• **YOUR ASSIGNMENT**
Pictures aside, copy exactly the lines running from the one with "1958 Air Mail" to the end of the records.

(Collected data)

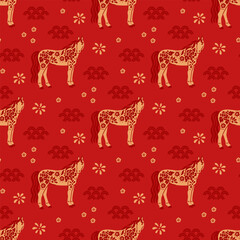 Seamless pattern for Chinese New Year, Year of the Horse. Oriental design with stylized horse, clouds, flowers, fireworks. Asian holiday background of festive animal, zodiac symbol
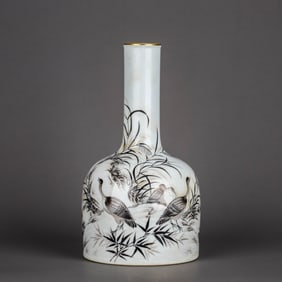 A GRISAILLE 'REEDS AND WILD GEESE' BELL-SHAPED VASE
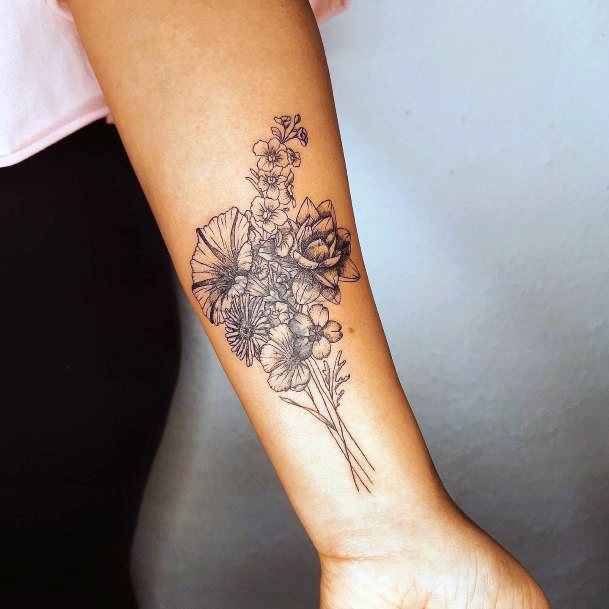 Females Water Lily Tattoos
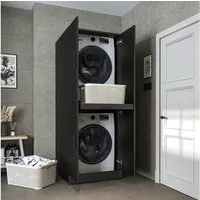 Roomart Waschmaschinenumbauschrank DORA Waschmaschinenschrank 70 cm, Soft-Close, 130 kg, in 4 Farben (Waschmaschinenschrank DORA für Trockner & Waschmaschine in 5 Farben) Soft-Close, Vollauszug, 130 kg, 2 Größen, 5 Farben, Wandbefestigung
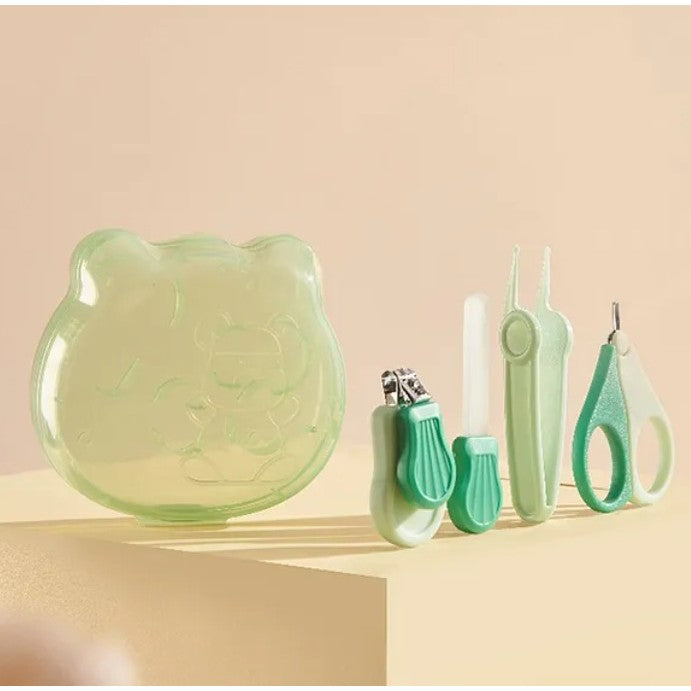 Set Îngrijire Unghii pentru Bebeluși și Nou-Născuți, Trusă Completă cu Unghieră, Foarfece, Pilă și Pensetă, Cutie Ursuleț, Plastic și Oțel Inoxidabil, 10 x 9.5 cm, Verde, 0 Luni+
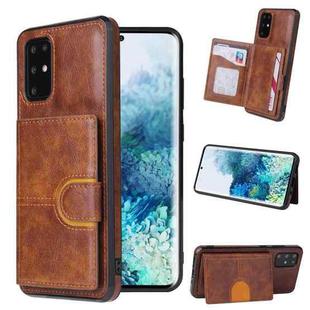 For Huawei P40 PU + TPU + PC  Shockproof Back Cover Case with Card Slot & Holder(Brown)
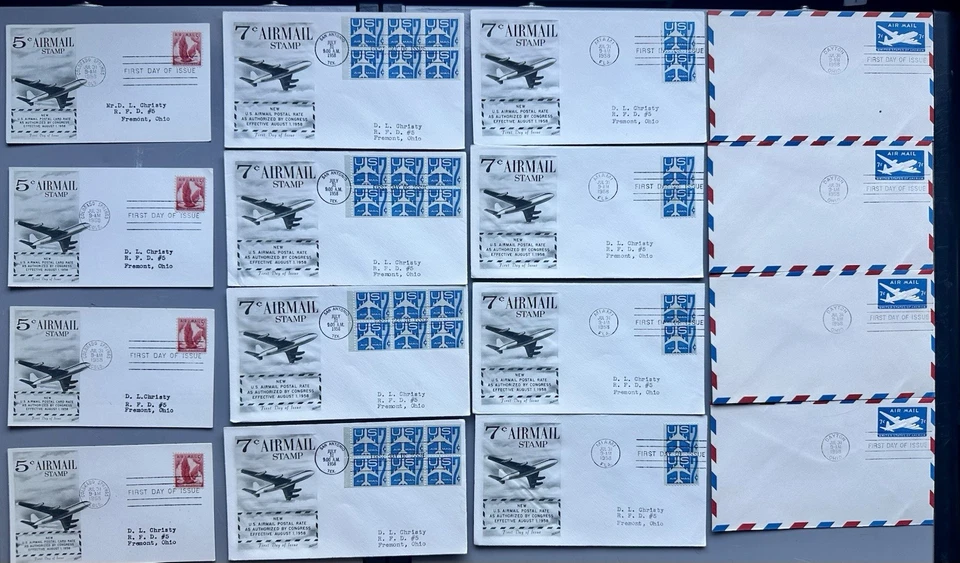 1958 Air Mail  7 Cents & 5 Cents- FDC LOT of 40 - Image 3 of 3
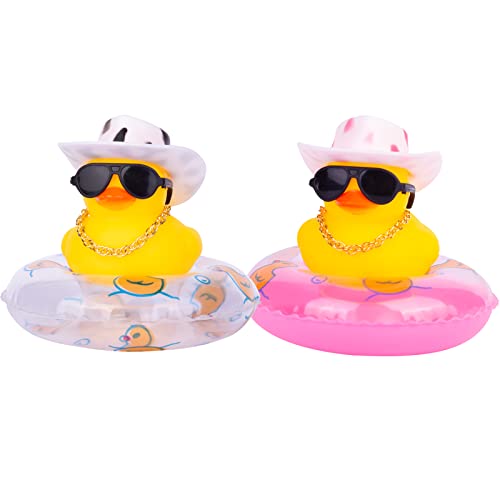MuMyer Car Rubber Duck 2Pcs Duck Car Dashboard Decorations Yellow Duck Car Ornaments for Car Dashboard Decoration Accessories with Mini Swim Ring Sun Hat Necklace and Sunglasses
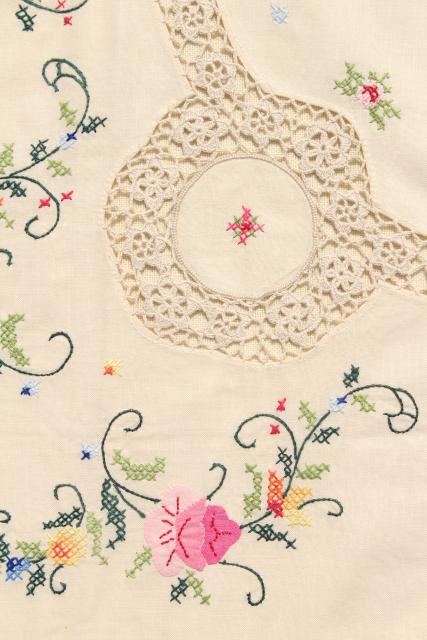 80s vintage applique cotton lace tablecloth & napkins, mint w/ original ...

• **ANSWER SECTION**
 1958 Air Mail  7 Cents & 5 Cents- FDC LOT of 40 - Image 3 of 3
MuMyer Car Rubber Duck 2Pcs Duck Car Dashboard Decorations Yellow Duck Car Ornaments for Car Dashboard Decoration Accessories with Mini Swim Ring Sun Hat Necklace and Sunglasses
 80s vintage applique cotton lace tablecloth & napkins, mint w/ original ...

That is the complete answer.